[Python-ideas] If branch merging

Mon Jun 8 13:24:33 CEST 2015

On Jun 8, 2015, at 03:32, Nick Coghlan <ncoghlan at gmail.com> wrote:
> On 8 June 2015 at 14:24, Andrew Barnert <abarnert at yahoo.com> wrote:
>> 
>> The problem with general named subexpressions is that it inherently means a
>> side effect buried in the middle of an expression. While it's not
>> _impossible_ to do that in Python today (e.g., you can always call a
>> mutating method in a comprehension's if clause or in the third argument to a
>> function), but it's not common or idiomatic.
>> 
>> You could say this is a consulting-adults issue and you shouldn't use it in
>> cases where it's not deep inside an expression--but those are the actual
>> motivating cases, the ones where just "pull it out into a named assignment"
>> won't work. In fact, one of our three examples is:
>> 
>>   [b for a in iterable if (a.b as b)]
>> 
>> 
>> That's exactly the kind of place that you'd call non-idiomatic with a
>> mutating method call, so why is a binding not even worse?
> 
> Ah, but that's one of the interesting aspects of the idea: since
> comprehensions and generator expressions *already* define their own
> nested scope in Python 3 in order to keep the iteration variable from
> leaking, their named subexpressions wouldn't leak either :)
> 
> For if/elif clauses and while loops, the leaking would be a desired
> feature in order to make the subexpression available for use inside
> the following suite body.

Except it would also make the subexpression available for use _after_ the suite body.

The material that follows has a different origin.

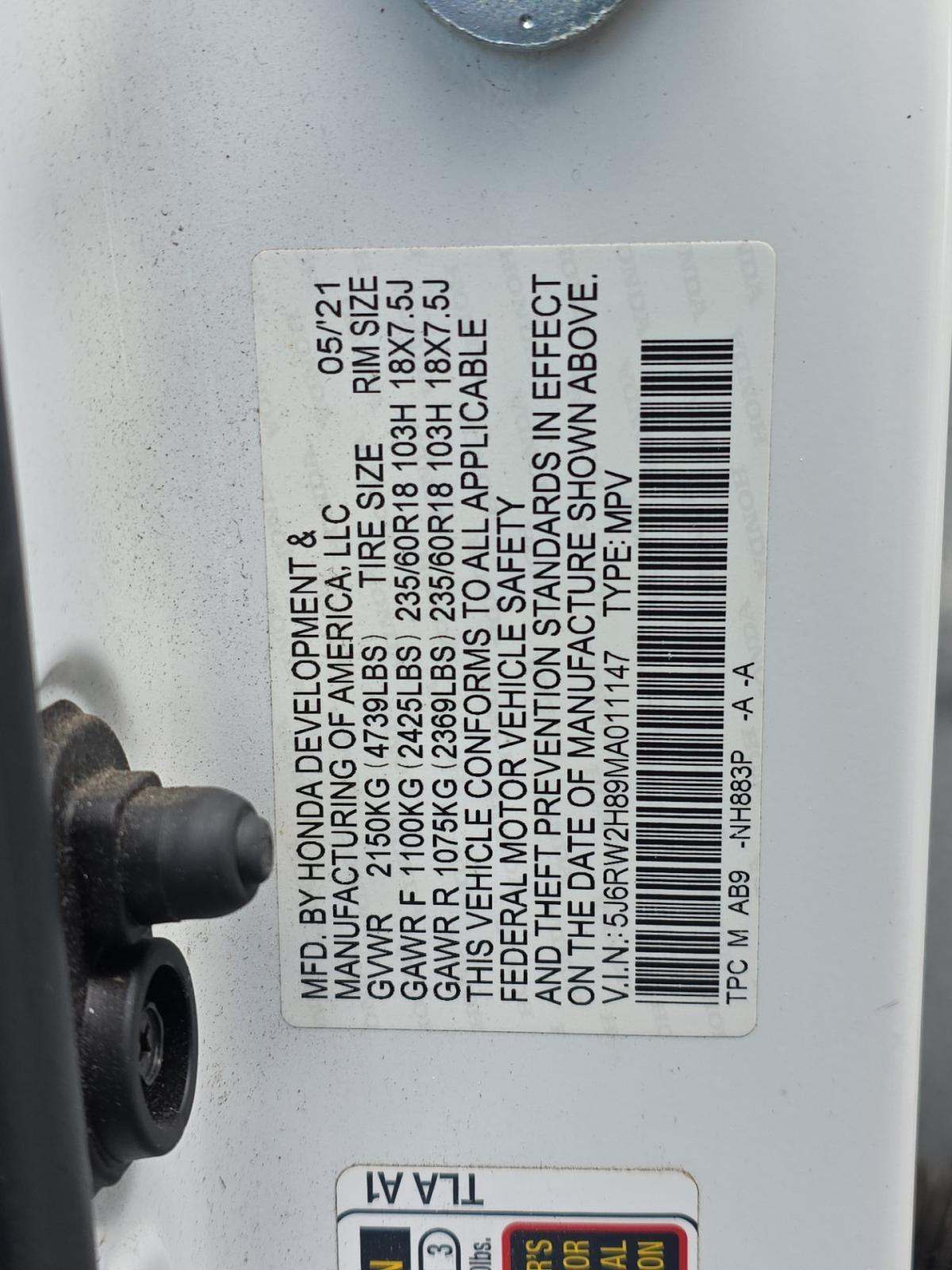 2021 Honda CR-V EX-L AWD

And it would give you a way to accidentally replace rather than shadow a variable from earlier in the function. So it really is just as bad as any other assignment or other mutation inside a condition.

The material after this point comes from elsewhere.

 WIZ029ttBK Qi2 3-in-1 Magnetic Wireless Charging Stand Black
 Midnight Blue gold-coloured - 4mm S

> That would leave conditional expressions as the main suggested use
> case where leaking the named subexpressions might not be desirable.
> Without any dedicated syntax, the two ways that first come to mind for
> doing expression local named subexpressions would be:
> 
>    x = (lambda a=a: b if (a.b as b) else a.c)()
>    x = next((b if (a.b as b) else a.c) for a in (a,))
> 
> Neither of which would be a particularly attractive option.

Especially since if you're willing to introduce an otherwise-unnecessary scope, you don't even need this feature:

    x = (lambda b: b if b else a.c)(a.b)
    x = (lambda b=a.b: b if b else a.c)()

Or, of course, you can just define a reusable ifelse function somewhere:

    def defaultify(val, defaultval
        return val if val else defaultval

    x = defaultify(a.b, a.c)

> The other possibility that comes to mind is to ask the question: "What
> happens when a named subexpression appears as part of an argument list
> to a function call, or as part of a subscript operation, or as part of
> a container display?", as in:
> 
>    x = func(b if (a.b as b) else a.c)
>    x = y[b if (a.b as b) else a.c]
>    x = (b if (a.b as b) else a.c),
>    x = [b if (a.b as b) else a.c]
>    x = {b if (a.b as b) else a.c}
>    x = {'k': b if (a.b as b) else a.c}
> 
> Having *those* subexpressions leak seems highly questionable, so it
> seems reasonable to suggest that in order for this idea to be workable
> in practice, there would need to be some form of implicit scoping rule
> where using a named subexpression turned certain constructs into
> "scoped subexpressions" that implicitly created a function object and
> called it, rather than being evaluated inline as normal.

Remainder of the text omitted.